BSBR Extras API
bsbr_extras.standard_transformer.StandardTransformerModel
Bases: Module
Full Standard Transformer model stacking multiple Standard Transformer layers.
Parameters:
Name | Type | Description | Default |
---|---|---|---|
vocab_size | int | Vocabulary size for embedding layer | required |
hidden_dim | int | Hidden dimension size | required |
num_layers | int | Number of transformer layers | required |
num_heads | int | Number of attention heads | required |
ff_dim | int | Feed-forward intermediate dimension | required |
dropout | float | Dropout probability | 0.1 |
Source code in src/bsbr_extras/standard_transformer.py
forward(input_ids, attention_mask=None)
Forward pass for the full Standard Transformer model.
Parameters:
Name | Type | Description | Default |
---|---|---|---|
input_ids | LongTensor | Token IDs of shape [batch_size, seq_len] | required |
attention_mask | Optional[Tensor] | Optional attention mask of shape [batch_size, seq_len] | None |
Returns:
Name | Type | Description |
---|---|---|
output | Tensor | Processed tensor of shape [batch_size, seq_len, hidden_dim] |
Source code in src/bsbr_extras/standard_transformer.py
bsbr_extras.linear_transformer.LinearTransformerModel
Bases: Module
Full Linear Transformer model stacking multiple Linear Transformer layers.
Parameters:
Name | Type | Description | Default |
---|---|---|---|
vocab_size | int | Vocabulary size for embedding layer | required |
hidden_dim | int | Hidden dimension size | required |
num_layers | int | Number of LinearTransformer layers | required |
num_heads | int | Number of attention heads | required |
ff_dim | int | Feed-forward intermediate dimension | required |
dropout | float | Dropout probability | 0.1 |
Source code in src/bsbr_extras/linear_transformer.py
forward(input_ids, attention_mask=None, states=None)

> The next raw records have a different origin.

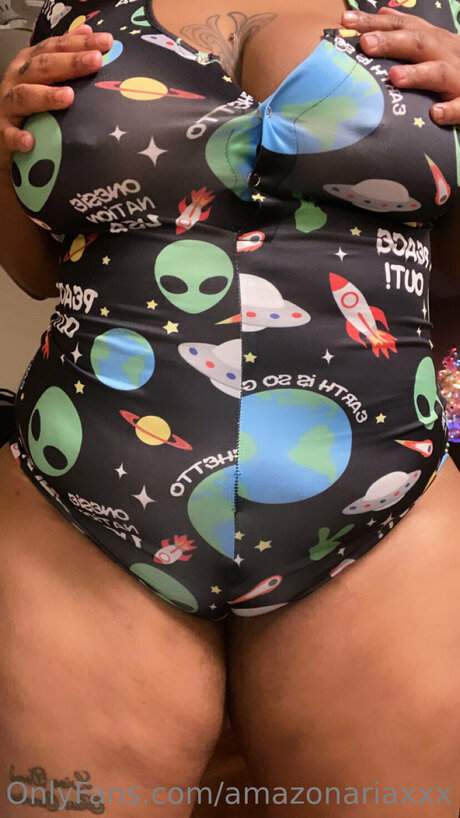 Amazonariaxxx only fans leaks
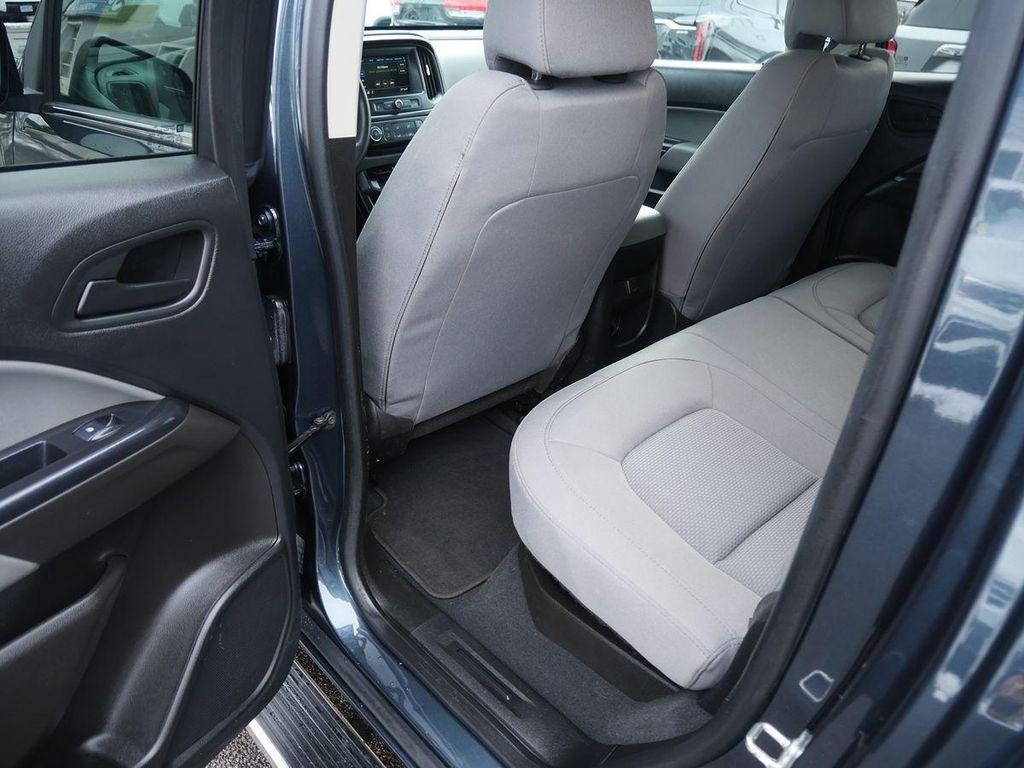 used 2019 Chevrolet Colorado car, priced at $25,995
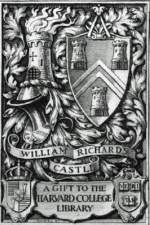 William Richards Castle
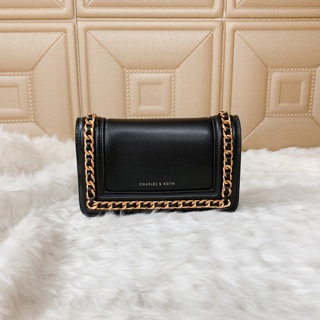 túi c&k viền xích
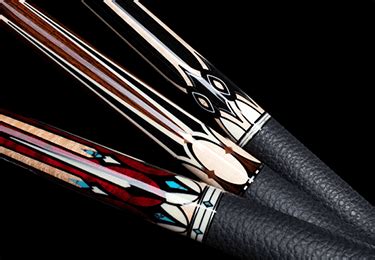 high end cue sticks|types of cue sticks.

Forward pass for the full Linear Transformer model.
Parameters:
Name | Type | Description | Default |
---|---|---|---|
input_ids | LongTensor | Token IDs of shape [batch_size, seq_len] | required |
attention_mask | Optional[Tensor] | Optional attention mask of shape [batch_size, seq_len] | None |
states | Optional[list] | Optional previous state list for each layer | None |
Returns:
Name | Type | Description |
---|---|---|
output | Tensor | Processed tensor of shape [batch_size, seq_len, hidden_dim] |
new_states | list | Updated state list for each layer |
Source code in src/bsbr_extras/linear_transformer.py
bsbr_extras.delta_net.DeltaNetModel
Bases: Module
Full DeltaNet model stacking multiple DeltaNet layers.
Parameters:
Name | Type | Description | Default |
---|---|---|---|
vocab_size | int | Vocabulary size for embedding layer | required |
hidden_dim | int | Hidden dimension size | required |
num_layers | int | Number of DeltaNet layers | required |
num_heads | int | Number of attention heads | required |
ff_dim | int | Feed-forward intermediate dimension | required |
beta | float | Forgetting/update rate parameter (β in the paper) | 0.9 |
dropout | float | Dropout probability | 0.1 |
Source code in src/bsbr_extras/delta_net.py
forward(input_ids, attention_mask=None, states=None)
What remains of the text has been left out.